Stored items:

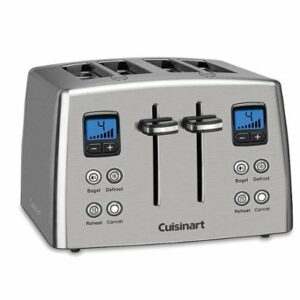 Cuisinart - Countdown 4-Slice Metal Toaster - Stainless Steel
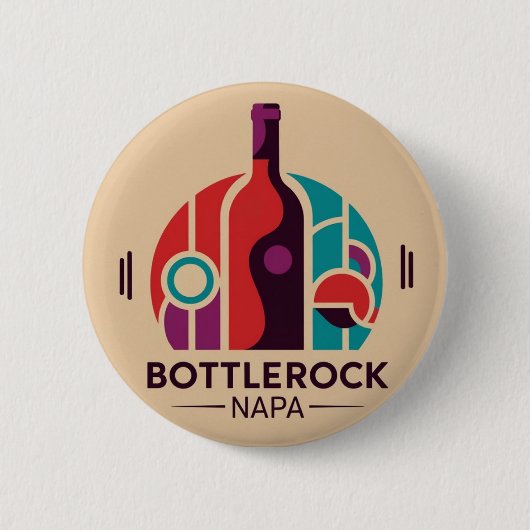 BottleRock Napa Valley Button | Festival-Inspirier (Vorderseite)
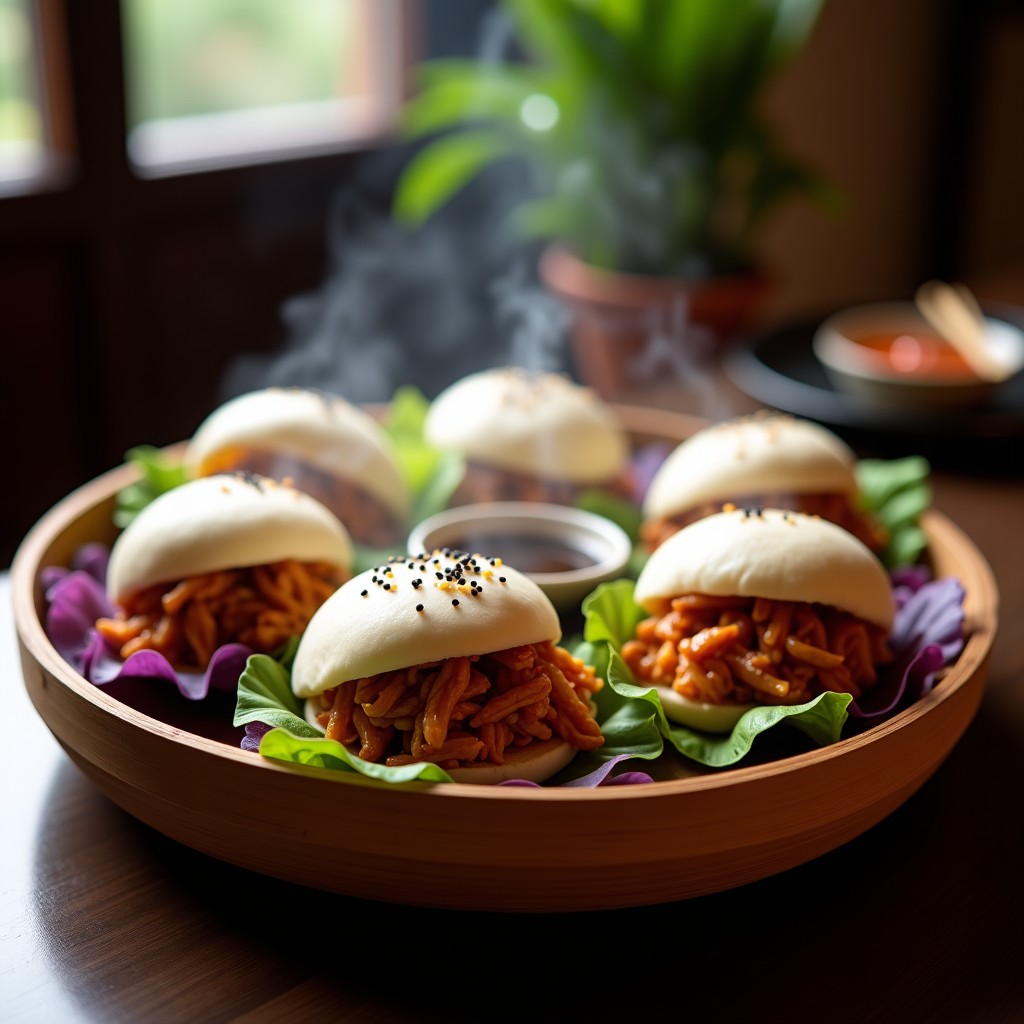 Bao Vegano de Jackfruit y Salsa Hoisin: Receta China en Thermomix con Toque Ahumado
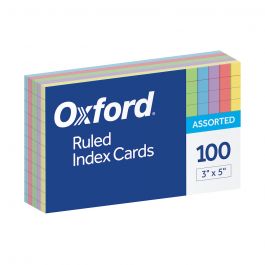 3 x 5 100 Per Pack New Canary Ruled Color Index Cards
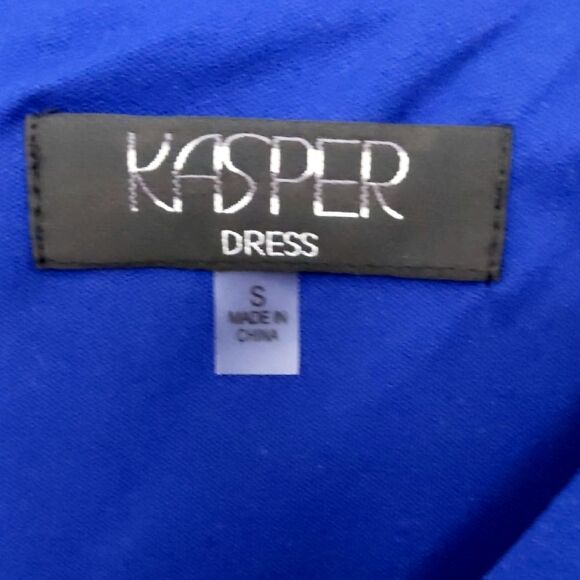 Women's Quarter Sleeve Crew Neck Dress, Royal Blue Size S - Picture 4 of 8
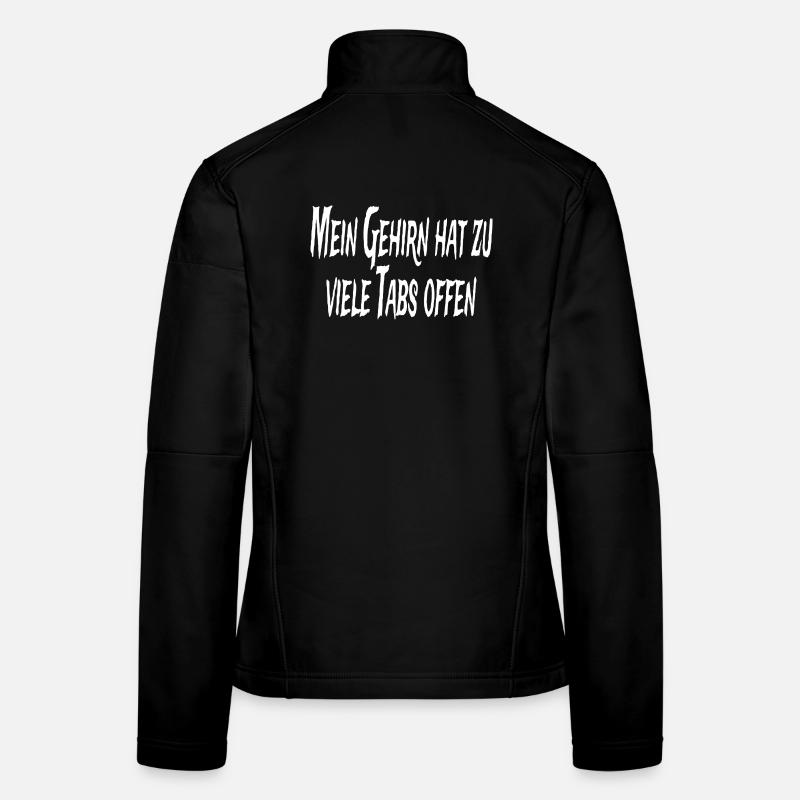 Mon cerveau a trop d’onglets ouverts Veste en tissu softshell Femme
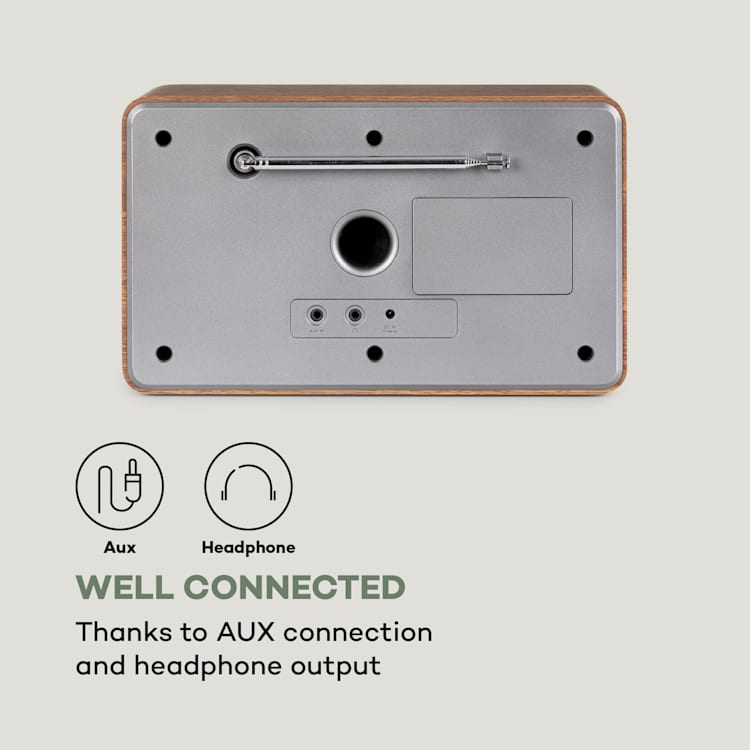Connect Link Smart Radio IR / DAB + / FM Spotify BT 2.4" HCC Display Wood Brown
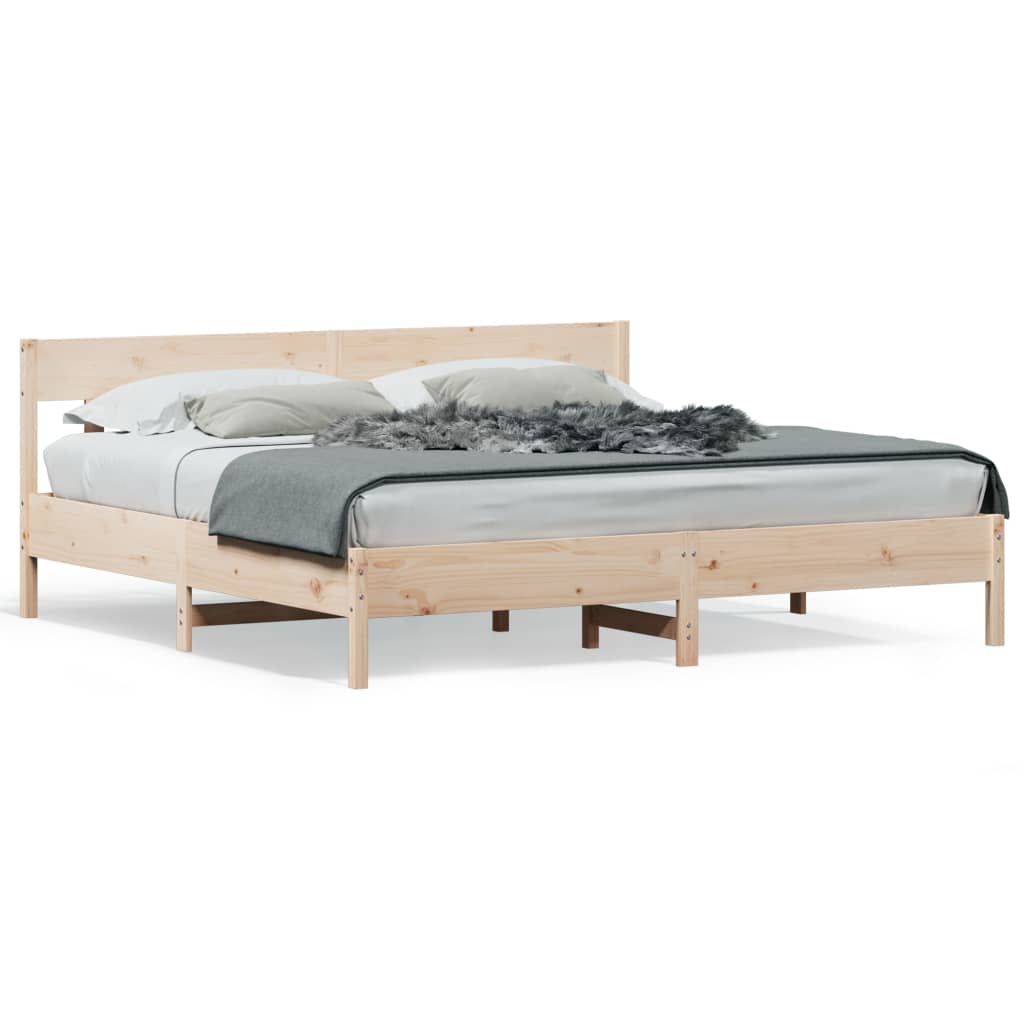 Bedframe zonder matras massief grenenhout 200x200 cm is nu te koop bij PeponiXL, paradijselijk wonen!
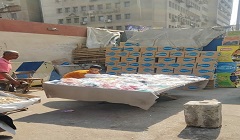 حملة لرفع الإشغالات بقيادة رئيس الحي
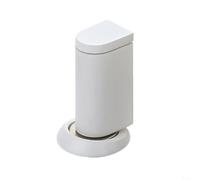 EXTRWORY Floor-standing Magnetic Door Stopper For Interior Doors Wind-resistant Concealed Design Gunmetal Gray(white)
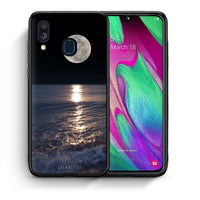 Thumbnail for Θήκη Samsung A40 Moon Landscape από τη Smartfits με σχέδιο στο πίσω μέρος και μαύρο περίβλημα | Samsung A40 Moon Landscape case with colorful back and black bezels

DIRECTIONS: Retype word for word the span of lines above that begins with the line containing "EXTRWORY Floor-standing Magnetic" and ends with the last line of the records; skip all pictures.

COMPLETED EXERCISE:
 EXTRWORY Floor-standing Magnetic Door Stopper For Interior Doors Wind-resistant Concealed Design Gunmetal Gray(white)
 Thumbnail for Θήκη Samsung A40 Moon Landscape από τη Smartfits με σχέδιο στο πίσω μέρος και μαύρο περίβλημα | Samsung A40 Moon Landscape case with colorful back and black bezels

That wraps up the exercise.